>>>>
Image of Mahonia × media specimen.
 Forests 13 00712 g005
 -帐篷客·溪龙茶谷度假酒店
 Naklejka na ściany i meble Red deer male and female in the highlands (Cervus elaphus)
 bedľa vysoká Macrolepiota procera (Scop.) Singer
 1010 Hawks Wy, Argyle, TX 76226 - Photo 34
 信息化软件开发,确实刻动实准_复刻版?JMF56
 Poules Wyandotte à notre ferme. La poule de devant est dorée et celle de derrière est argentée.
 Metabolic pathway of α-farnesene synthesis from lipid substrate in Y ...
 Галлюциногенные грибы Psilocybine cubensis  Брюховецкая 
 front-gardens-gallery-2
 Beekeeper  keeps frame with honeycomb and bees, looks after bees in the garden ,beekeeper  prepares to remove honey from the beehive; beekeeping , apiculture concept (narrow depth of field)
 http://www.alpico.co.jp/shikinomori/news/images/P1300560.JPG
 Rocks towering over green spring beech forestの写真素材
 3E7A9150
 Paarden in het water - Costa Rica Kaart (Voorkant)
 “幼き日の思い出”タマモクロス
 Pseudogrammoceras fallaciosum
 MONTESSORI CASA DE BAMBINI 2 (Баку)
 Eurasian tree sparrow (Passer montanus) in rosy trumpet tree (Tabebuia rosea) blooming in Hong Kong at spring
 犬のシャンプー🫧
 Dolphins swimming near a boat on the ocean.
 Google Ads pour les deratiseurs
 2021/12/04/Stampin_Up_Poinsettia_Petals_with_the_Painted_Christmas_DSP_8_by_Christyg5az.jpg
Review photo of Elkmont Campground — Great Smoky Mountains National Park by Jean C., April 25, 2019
<<<<
* **Task**
Please retype exactly, and only, the lines starting at the one that contains "Eurasian tree sparrow" and ending with the last line of the material.

* **Your solution**
 Eurasian tree sparrow (Passer montanus) in rosy trumpet tree (Tabebuia rosea) blooming in Hong Kong at spring
 犬のシャンプー🫧
 Dolphins swimming near a boat on the ocean.
 Google Ads pour les deratiseurs
 2021/12/04/Stampin_Up_Poinsettia_Petals_with_the_Painted_Christmas_DSP_8_by_Christyg5az.jpg
Review photo of Elkmont Campground — Great Smoky Mountains National Park by Jean C., April 25, 2019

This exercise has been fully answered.